Senate debates

Wednesday, 19 March 2008

Infrastructure Australia Bill 2008

In Committee

4:41 pm

Photo of Christine MilneChristine Milne (Tasmania, Australian Greens) Share this | Hansard source

Before we adjourned at lunchtime, I was putting the case in support of my amendment, which is to refer infrastructure projects worth more than $50 million to the Parliamentary Standing Committee on Public Works. I was arguing that, where Infrastructure Australia recommends to the minister that a project over $50 million be approved, the minister should be required to refer it to the Parliamentary Standing Committee on Public Works. The reason for that is, as I outlined previously, to allow for appropriate public scrutiny of the recommendation and to look at whether alternatives have been considered, whether the parliament thinks that the financing mechanism is appropriate and so on.

The committee will recall that the minister said the government would not be supporting the amendment on the basis that Infrastructure Australia will be giving advice on a whole range of things, not just on projects, and to a range of people. The point that I would make to the government, though, is that my amendment refers particularly to advice in support of infrastructure of which the estimated cost exceeds $50 million. It is obviously not saying that every piece of advice on anything that Infrastructure Australia gives the government be referred; it is only those pieces of advice that it comes back with recommending infrastructure projects in excess of $50 million which would go to the committee.

The second issue is that the minister said there may not be public money involved, but clearly all of these major public infrastructure projects involve public money. Whether you are talking about public-private partnerships, increasing government debt or local government raising extra borrowings, you are talking about public money being involved in public infrastructure projects. That is the whole point here. We are talking about public infrastructure and spending public money in the public interest. That is why I am arguing that, where that money exceeds $50 million on a public infrastructure project, it be referred for appropriate scrutiny to the Parliamentary Standing Committee on Public Works.

I believe that this would have avoided a number of the disasters that have been built around the country, particularly the tunnel projects in Sydney which form the basis of today’s media reports showing that they are ‘white elephants’ and that the projections that were made to support them were wrong.

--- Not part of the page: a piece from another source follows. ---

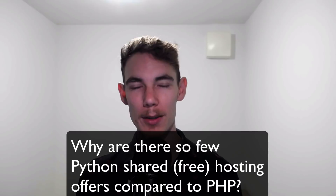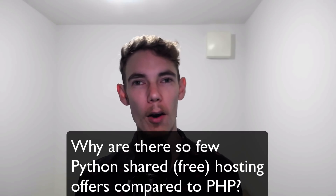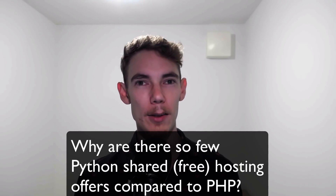This is a really interesting question because I never really thought of it that way. By comparison, I never really felt there was less hosting or shared hosting offers for Python compared to PHP. It never really occurred to me.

And that is on top of any number of other projections you look at for AusLink funding where state transport departments have underestimated the costs, and you can only assume that that is either negligence or deliberate action in an attempt to get the projects up and get public money.

The other reason why these projects deserve to have appropriate scrutiny is in today’s media reports from Tasmania. There is now some dispute about what was or was not promised for various bypasses in the course of the federal election, when the former government promised $30 million for a bypass in southern Tasmania. The present government said at the time that it would match that infrastructure funding. Now we have the Labor government saying no, it is not going to put up the $15 million and so on. That is the kind of ad hoc lack of scrutiny that went on with those infrastructure projects in the last period of government, and that is why I am supporting moving to a more strategic blueprint for infrastructure planning.

But we will not get real scrutiny of that infrastructure planning unless it comes back for the parliament to have a look not only at what people are recommending but at how they are going to finance it, whether it is actually in the public interest and whether there might have been better alternatives to satisfy broad government policy objectives—and, of course, as I pointed out earlier, parliament also needs to look at infrastructure planning in relation to climate change. I would just like to seek the government’s response as to why they would object to advice relating to the recommendation of projects in excess of $50 million and why they would object to that coming back to the Parliamentary Standing Committee on Public Works for scrutiny.